Applying these principles to the facts of the case before us we find that it is undisputed that appellees' decedent was employed by appellant to work in the daytime and at no other time; that he was forbidden to work at night unless he secured express permission on each occasion from the foreman to do so; that no coal loaders of appellant ever worked at night in the mines except those who had obtained express permission of the foreman for the particular occasion they did so work; that the foreman sometimes gave men express permission to work at night, but this was seldom done. The evidence also shows without dispute, except a piece of hearsay evidence to which we shall presently refer, that the decedent had not secured permission to work on the night he was killed in the mines, and that his employer and its foreman did not know he was in the mines until after his death was discovered. Appellee did introduce a witness who said that he heard the decedent say that he had secured permission from his foreman to go to work that night; but this is the only evidence found in this record to contradict the otherwise undisputed testimony that he had not secured such permission. Under the Valentine casesupra, the award of the board finding that this accident happened in the course of the employment of appellees' decedent cannot be based alone on this hearsay and self-serving declaration. Excluding this hearsay evidence, the testimony is undisputed that the deceased was killed at a place and at a time where and when he had no right to be, and not in the course of any employment he had with the appellant. In Fournier v. Androscoggin Mills, 120 Me. 236, 23 A.L.R. 1156, the court said:

"An accident arises in the course of employment when it occurs within the period of the employment, *Page 106 at a place where the employee reasonably may be in the performance of its duties, and while he is fulfilling those duties or engaged in doing something incidental thereto."

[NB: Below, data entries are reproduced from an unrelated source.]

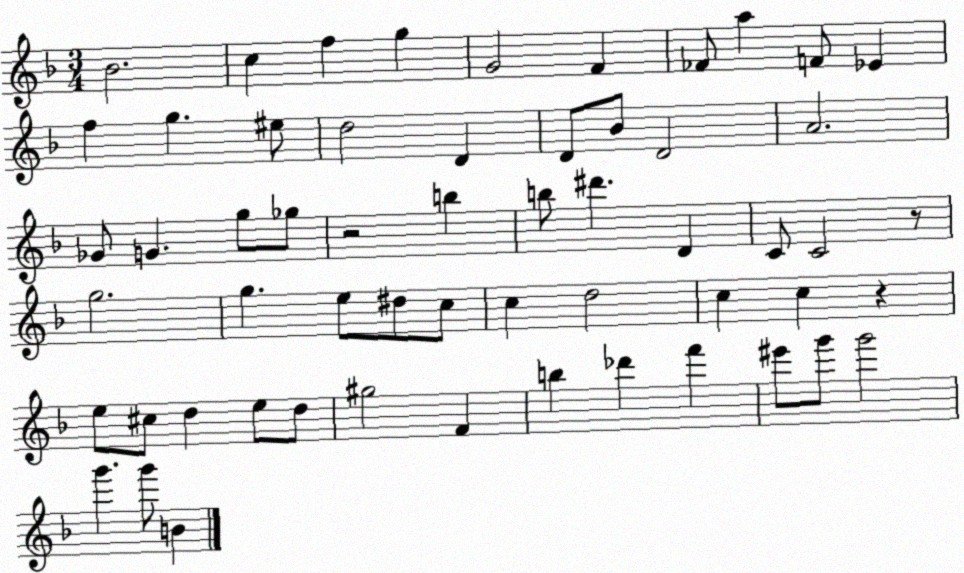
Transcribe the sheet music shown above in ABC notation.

X:1
T:Untitled
M:3/4
L:1/4
K:F
_B2 c f g G2 F _F/2 a F/2 _E f g ^e/2 d2 D D/2 _B/2 D2 A2 _G/2 G g/2 _g/2 z2 b b/2 ^d' D C/2 C2 z/2 g2 g e/2 ^d/2 c/2 c d2 c c z e/2 ^c/2 d e/2 d/2 ^g2 F b _d' f' ^e'/2 g'/2 g'2 g' g'/2 B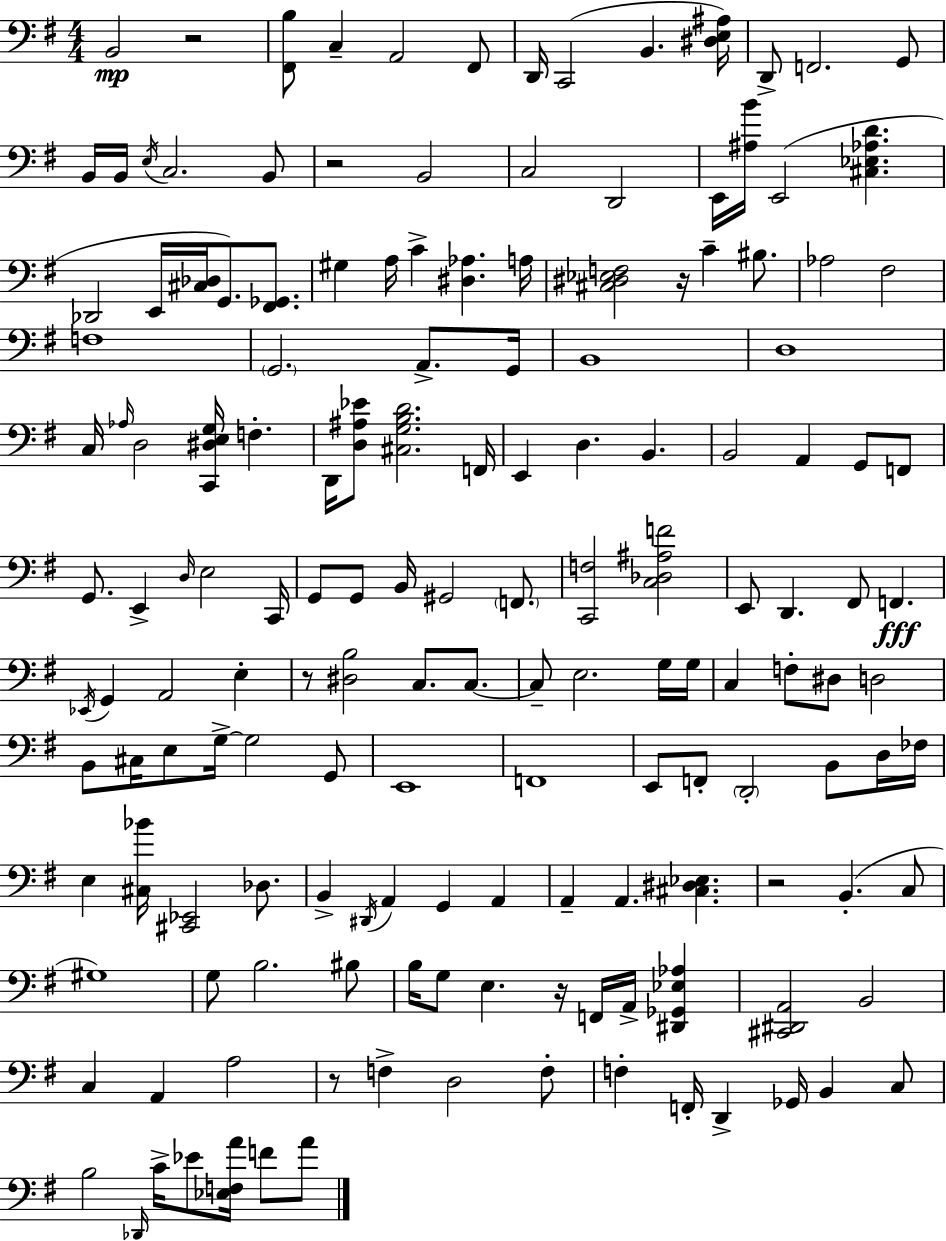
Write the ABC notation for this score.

X:1
T:Untitled
M:4/4
L:1/4
K:Em
B,,2 z2 [^F,,B,]/2 C, A,,2 ^F,,/2 D,,/4 C,,2 B,, [^D,E,^A,]/4 D,,/2 F,,2 G,,/2 B,,/4 B,,/4 E,/4 C,2 B,,/2 z2 B,,2 C,2 D,,2 E,,/4 [^A,B]/4 E,,2 [^C,_E,_A,D] _D,,2 E,,/4 [^C,_D,]/4 G,,/2 [^F,,_G,,]/2 ^G, A,/4 C [^D,_A,] A,/4 [^C,^D,_E,F,]2 z/4 C ^B,/2 _A,2 ^F,2 F,4 G,,2 A,,/2 G,,/4 B,,4 D,4 C,/4 _A,/4 D,2 [C,,^D,E,G,]/4 F, D,,/4 [D,^A,_E]/2 [^C,G,B,D]2 F,,/4 E,, D, B,, B,,2 A,, G,,/2 F,,/2 G,,/2 E,, D,/4 E,2 C,,/4 G,,/2 G,,/2 B,,/4 ^G,,2 F,,/2 [C,,F,]2 [C,_D,^A,F]2 E,,/2 D,, ^F,,/2 F,, _E,,/4 G,, A,,2 E, z/2 [^D,B,]2 C,/2 C,/2 C,/2 E,2 G,/4 G,/4 C, F,/2 ^D,/2 D,2 B,,/2 ^C,/4 E,/2 G,/4 G,2 G,,/2 E,,4 F,,4 E,,/2 F,,/2 D,,2 B,,/2 D,/4 _F,/4 E, [^C,_B]/4 [^C,,_E,,]2 _D,/2 B,, ^D,,/4 A,, G,, A,, A,, A,, [^C,^D,_E,] z2 B,, C,/2 ^G,4 G,/2 B,2 ^B,/2 B,/4 G,/2 E, z/4 F,,/4 A,,/4 [^D,,_G,,_E,_A,] [^C,,^D,,A,,]2 B,,2 C, A,, A,2 z/2 F, D,2 F,/2 F, F,,/4 D,, _G,,/4 B,, C,/2 B,2 _D,,/4 C/4 _E/2 [_E,F,A]/4 F/2 A/2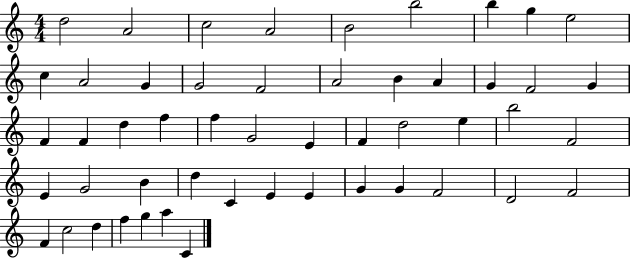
D5/h A4/h C5/h A4/h B4/h B5/h B5/q G5/q E5/h C5/q A4/h G4/q G4/h F4/h A4/h B4/q A4/q G4/q F4/h G4/q F4/q F4/q D5/q F5/q F5/q G4/h E4/q F4/q D5/h E5/q B5/h F4/h E4/q G4/h B4/q D5/q C4/q E4/q E4/q G4/q G4/q F4/h D4/h F4/h F4/q C5/h D5/q F5/q G5/q A5/q C4/q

In McNicol's case, 215 Mass. 497, 102 N.E. 697, the court said:

"An injury is received 'in the course of the employment when it comes while the workman is doing the duty which he is employed to perform."

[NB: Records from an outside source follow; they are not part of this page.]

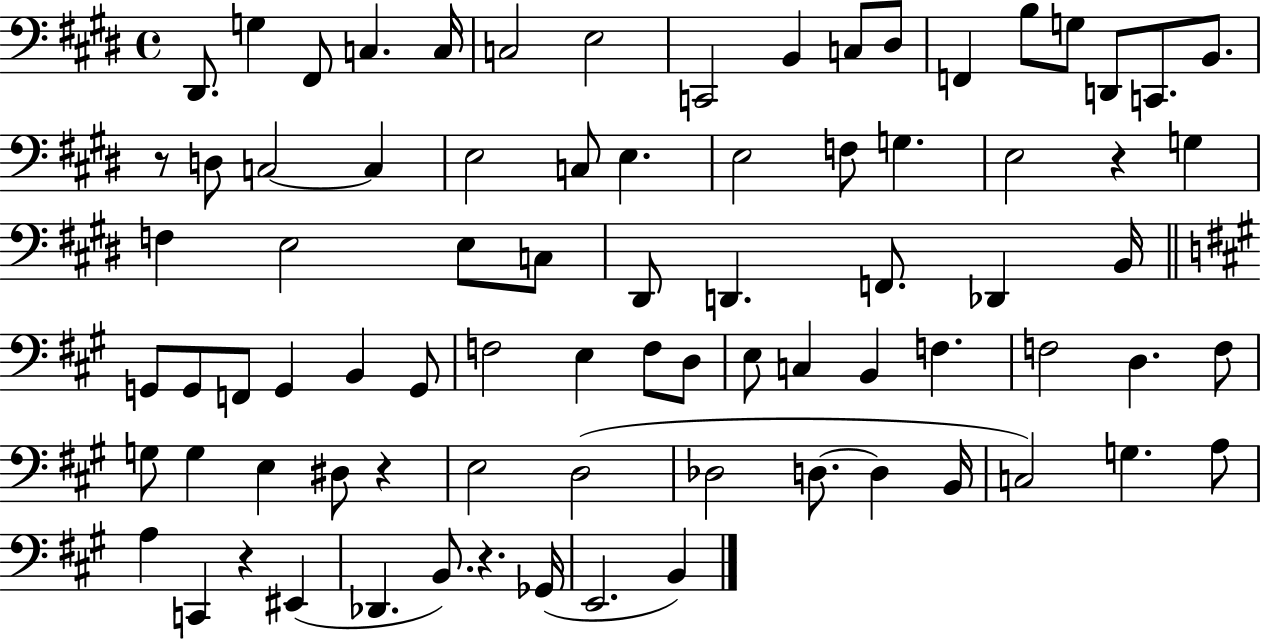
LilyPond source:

{
  \clef bass
  \time 4/4
  \defaultTimeSignature
  \key e \major
  dis,8. g4 fis,8 c4. c16 | c2 e2 | c,2 b,4 c8 dis8 | f,4 b8 g8 d,8 c,8. b,8. | \break r8 d8 c2~~ c4 | e2 c8 e4. | e2 f8 g4. | e2 r4 g4 | \break f4 e2 e8 c8 | dis,8 d,4. f,8. des,4 b,16 | \bar "||" \break \key a \major g,8 g,8 f,8 g,4 b,4 g,8 | f2 e4 f8 d8 | e8 c4 b,4 f4. | f2 d4. f8 | \break g8 g4 e4 dis8 r4 | e2 d2( | des2 d8.~~ d4 b,16 | c2) g4. a8 | \break a4 c,4 r4 eis,4( | des,4. b,8.) r4. ges,16( | e,2. b,4) | \bar "|."
}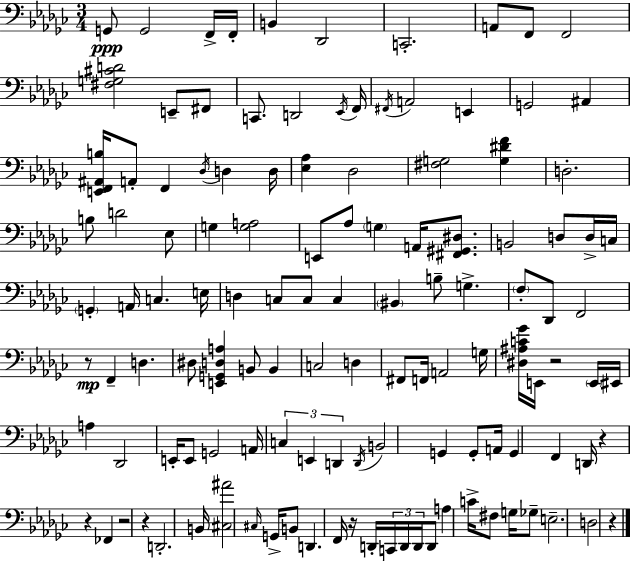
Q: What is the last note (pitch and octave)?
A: D3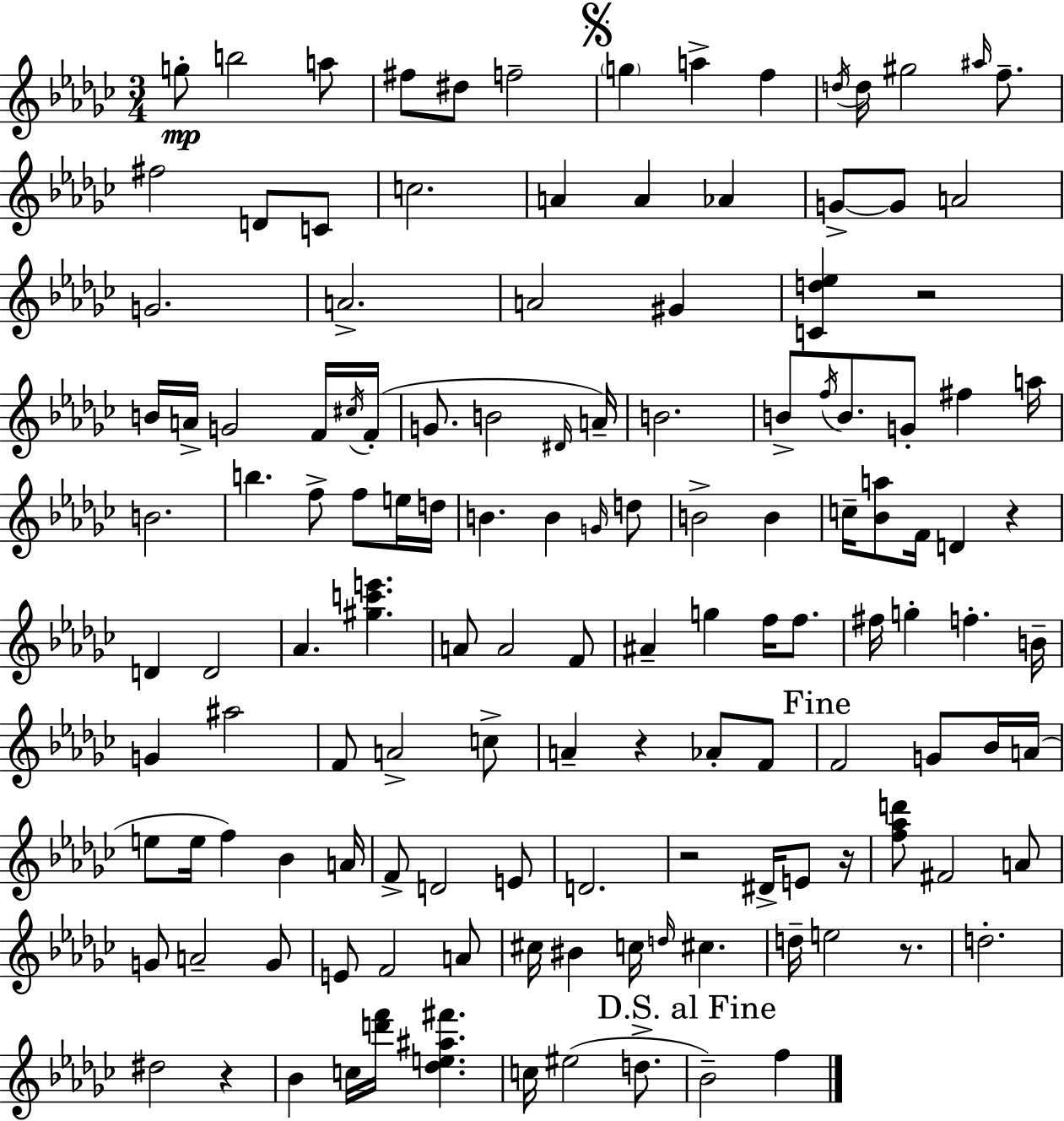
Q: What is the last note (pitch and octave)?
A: F5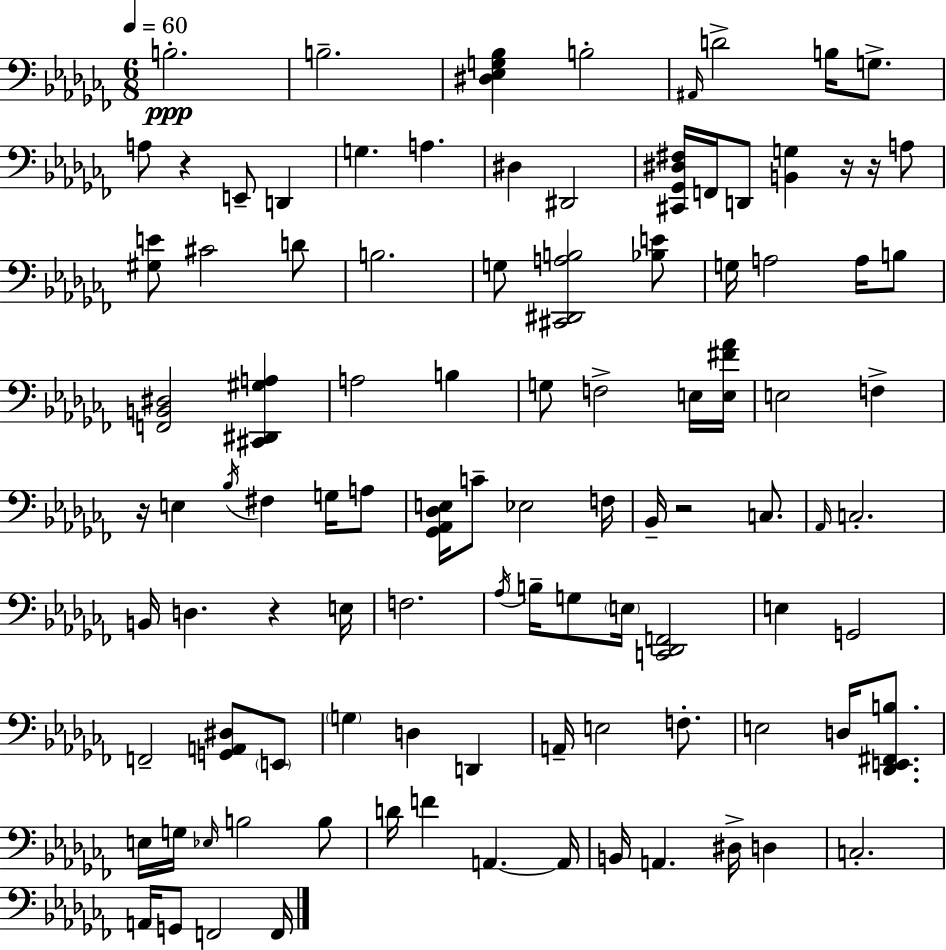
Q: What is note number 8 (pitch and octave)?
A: A3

In the instant case, appellees' decedent met his death while he was fulfilling no duty he had been employed to do. He was employed to load coal in the day time and not in the night time. He had no right to be in the mines at night time without express permission, which he did not have at the time he was killed. He was there on that occasion solely for his own purpose and own convenience and not while doing any duty he was employed to perform; coal loading at night not being the work for which he was engaged. It follows that the compensation board erroneously concluded that appellees' decedent was injured in the course of his employment, and so did the circuit court in following the award of the board. On the undisputed facts in this case the board should have dismissed the application of the appellees.

The judgment of the circuit court is therefore reversed and it is directed to reverse the award of the board, with instructions to dismiss the application of the appellees.